**Description of the task:**
Copy the records below exactly. Include all of them.

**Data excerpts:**
__________________________________________________

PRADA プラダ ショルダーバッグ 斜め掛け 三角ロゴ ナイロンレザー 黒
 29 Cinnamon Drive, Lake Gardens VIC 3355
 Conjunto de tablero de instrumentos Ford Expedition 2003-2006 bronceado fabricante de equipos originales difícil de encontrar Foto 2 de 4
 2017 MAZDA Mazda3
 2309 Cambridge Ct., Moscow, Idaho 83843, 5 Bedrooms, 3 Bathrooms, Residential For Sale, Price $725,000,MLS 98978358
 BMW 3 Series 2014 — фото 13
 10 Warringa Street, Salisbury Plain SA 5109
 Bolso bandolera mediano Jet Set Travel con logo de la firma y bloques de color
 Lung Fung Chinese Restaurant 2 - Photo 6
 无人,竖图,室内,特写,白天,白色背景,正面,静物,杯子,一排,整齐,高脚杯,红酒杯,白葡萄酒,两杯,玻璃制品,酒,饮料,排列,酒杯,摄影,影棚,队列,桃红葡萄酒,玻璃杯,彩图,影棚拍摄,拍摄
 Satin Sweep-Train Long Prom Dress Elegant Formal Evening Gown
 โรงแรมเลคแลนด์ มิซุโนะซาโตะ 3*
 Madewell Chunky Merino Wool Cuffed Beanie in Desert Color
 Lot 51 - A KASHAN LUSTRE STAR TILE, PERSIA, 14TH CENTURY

__________________________________________________

**Expected answer:**
PRADA プラダ ショルダーバッグ 斜め掛け 三角ロゴ ナイロンレザー 黒
 29 Cinnamon Drive, Lake Gardens VIC 3355
 Conjunto de tablero de instrumentos Ford Expedition 2003-2006 bronceado fabricante de equipos originales difícil de encontrar Foto 2 de 4
 2017 MAZDA Mazda3
 2309 Cambridge Ct., Moscow, Idaho 83843, 5 Bedrooms, 3 Bathrooms, Residential For Sale, Price $725,000,MLS 98978358
 BMW 3 Series 2014 — фото 13
 10 Warringa Street, Salisbury Plain SA 5109
 Bolso bandolera mediano Jet Set Travel con logo de la firma y bloques de color
 Lung Fung Chinese Restaurant 2 - Photo 6
 无人,竖图,室内,特写,白天,白色背景,正面,静物,杯子,一排,整齐,高脚杯,红酒杯,白葡萄酒,两杯,玻璃制品,酒,饮料,排列,酒杯,摄影,影棚,队列,桃红葡萄酒,玻璃杯,彩图,影棚拍摄,拍摄
 Satin Sweep-Train Long Prom Dress Elegant Formal Evening Gown
 โรงแรมเลคแลนด์ มิซุโนะซาโตะ 3*
 Madewell Chunky Merino Wool Cuffed Beanie in Desert Color
 Lot 51 - A KASHAN LUSTRE STAR TILE, PERSIA, 14TH CENTURY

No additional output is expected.